The episode received mixed reviews from critics, though some commented positively calling it an improvement from the second-season premiere.

==Plot==
Having been spared by the Dome, James "Big Jim" Rennie (Dean Norris) starts to have a change of heart from the previous mindset of himself being most important to being generally helpful towards the entire town. Residents start to trust him considerably more, thinking of him as a hero for attempting to sacrifice himself.

After a caterpillar infestation begins to take control of all the town's crops Rebecca Pine (Karla Crome) takes action by burning fields, and later enlists the help of Big Jim and Dale "Barbie" Barbara (Mike Vogel) to use an old crop-duster to spray the fields with pesticides. This nearly sees the demise of Barbie as fuel runs low on the airplane. Big Jim saves his life by revealing a secret reserve tank, enabling Barbie to land safely, solidifying Jim's status of hero.

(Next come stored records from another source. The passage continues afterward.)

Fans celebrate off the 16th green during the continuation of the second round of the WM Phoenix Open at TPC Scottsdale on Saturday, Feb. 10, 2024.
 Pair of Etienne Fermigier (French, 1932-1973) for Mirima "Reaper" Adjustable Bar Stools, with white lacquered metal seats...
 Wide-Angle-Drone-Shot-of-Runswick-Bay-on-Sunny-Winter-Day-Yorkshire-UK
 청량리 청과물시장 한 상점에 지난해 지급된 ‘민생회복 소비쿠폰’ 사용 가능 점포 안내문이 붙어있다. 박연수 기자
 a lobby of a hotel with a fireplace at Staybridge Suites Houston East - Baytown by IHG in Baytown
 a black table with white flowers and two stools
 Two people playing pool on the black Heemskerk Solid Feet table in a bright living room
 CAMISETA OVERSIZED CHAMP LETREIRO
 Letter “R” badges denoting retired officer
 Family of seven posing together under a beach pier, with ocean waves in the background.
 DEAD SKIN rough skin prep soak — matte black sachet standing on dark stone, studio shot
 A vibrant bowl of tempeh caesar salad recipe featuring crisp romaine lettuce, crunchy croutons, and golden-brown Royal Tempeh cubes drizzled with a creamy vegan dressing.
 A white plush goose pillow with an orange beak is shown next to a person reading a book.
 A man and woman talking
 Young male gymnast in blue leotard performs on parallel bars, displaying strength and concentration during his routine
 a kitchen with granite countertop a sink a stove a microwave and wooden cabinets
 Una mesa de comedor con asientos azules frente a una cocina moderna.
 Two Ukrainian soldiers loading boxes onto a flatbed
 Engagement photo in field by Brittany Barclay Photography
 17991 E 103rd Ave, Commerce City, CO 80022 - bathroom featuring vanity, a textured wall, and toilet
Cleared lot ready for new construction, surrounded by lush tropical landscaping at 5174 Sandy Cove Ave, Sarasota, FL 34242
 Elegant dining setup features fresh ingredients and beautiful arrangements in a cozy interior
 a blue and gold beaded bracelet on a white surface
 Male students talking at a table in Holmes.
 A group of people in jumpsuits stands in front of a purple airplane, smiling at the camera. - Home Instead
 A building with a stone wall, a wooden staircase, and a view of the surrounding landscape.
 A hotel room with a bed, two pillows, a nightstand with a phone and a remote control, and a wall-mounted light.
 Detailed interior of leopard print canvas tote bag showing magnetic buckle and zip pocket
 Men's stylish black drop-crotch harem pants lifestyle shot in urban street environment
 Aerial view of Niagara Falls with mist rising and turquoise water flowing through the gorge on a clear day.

Following Angie McAlister's (Britt Robertson) murder, there is a manhunt for the person responsible for the crime. Initially, the girl (Grace Victoria Cox) who was rescued by Julia Shumway (Rachelle Lefevre) is the main suspect, as her shoe-print was found near the crime scene in a puddle of blood. Jim and James "Junior" Rennie (Alexander Koch) both suspect each other initially. When Joe McAlister (Colin Ford) tells Junior about the shoe-print and that the girl was arrested they head to the jail cell to murder this mysterious stranger. However it is soon discovered that it was a man who did the deed. Julia and Sam Verdreaux (Eddie Cahill) find bruising on Angie's arm — large, widely spaced fingerprints only a man could have inflicted. Junior is unable to shoot the girl but Joe is ready to before being stopped by Julia and Sam. Junior later heads to his Uncle Sam's shack to reveal that the previous night he had been drunk and blacked out. He later found Angie's bracelet under his cot and believes he may have been the man who killed Angie.

==Reception==
The episode was watched by 7.70 million American viewers and received an 18–49 rating/share of 1.7/5, marking series lows for ratings and viewership. The show placed first in its timeslot and third for the night, falling behind MasterChef and The Bachelorette. Including DVR viewership the episode was watched by a total of 11.21 million viewers and attained an 18–49 rating of 2.7. Further research indicated that 12.08 million viewers watched the episode.

Much like the previous episode, this episode received generally mixed to negative reviews from critics.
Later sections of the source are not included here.